まず!女子と放課後楽しく過ごす計画はことごとく打ち砕かれた。

これなら、指揮者断って家でのんびりポテトチップスでも食べながらタツノコファンタジー8やればよかったー。




そりだけではない、男でもいいが

よりによって何で、コイツと3ヶ月も放課後練習しなきゃいけないんだ、、。



中学最後の青春が完全に終わった、、。

悠詩は完全に指揮者をする意味とやる気

そして、卒業までの青春を諦めた。




そんなことをよそに

武はピアノに座り譜面をおいた。


「ふーん。
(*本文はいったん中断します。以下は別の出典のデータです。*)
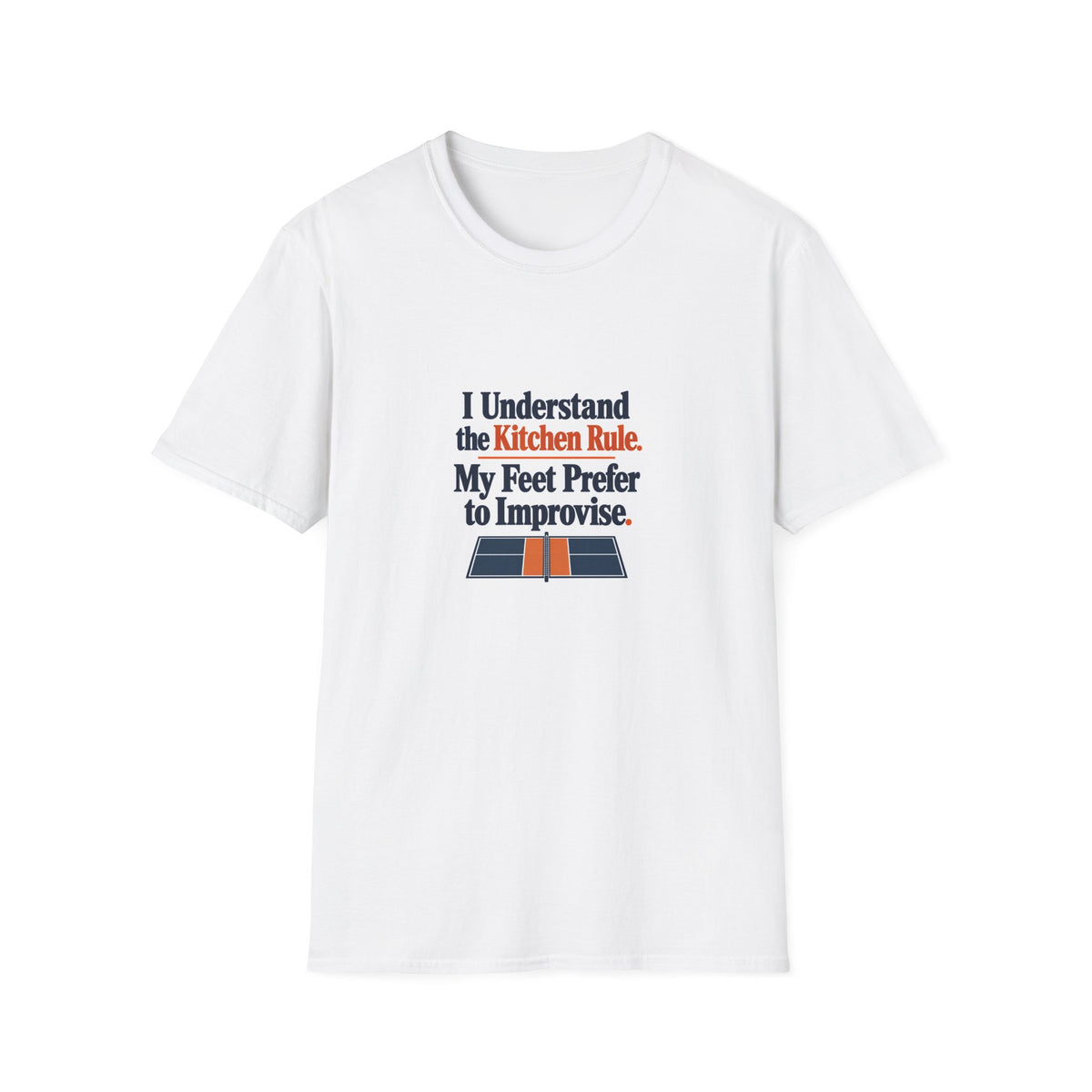 Pickleball T-Shirt, Funny Kitchen Rule Design, White Cotton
なかなかのピアノだね。どーれ。」



卒業の課題曲は「旅立ちの日に」

突拍子もなく武はいきなり、ピアノを弾き始めた。



伴奏は静かに繊細に視聴覚室にこだました。

優しい音色が耳に響き渡った、、。



歌いだしの伴奏にさしかかりゆっくりと音の強弱が

ささやかながら感じとれる。



しろい光のなかに山並みは燃えて

はるかな空の果てまでも君は飛び立つ~。


果てしなく青い空に心震わせ

自由をかける鳥よふりかえることもせず。


勇気を翼に込めて希望の風にのり

この広い大空に夢を託して。


サビにさしかかる手前

始まっていた伴奏の強弱は最大の音の塊となって。

からだ全身を突き破った。まるで音の世界のようだ。



しかし、突然 武はそこでピアノを弾くのを辞め僕をじっと見つめた。



今、視聴覚室にあるのは

先程までの音の世界は枯れはて、これから起こるであろうことを

じっとまつ予言者と唖然とし、立ち尽くす僕二人だけだった。



僕はあわてて指揮棒を握り1、2、3、4と合図をした。

指揮は止まった世界を復元させ視聴覚を音の世界に変えた。




これが、伴奏者 武と指揮者 悠詩の出会いだった。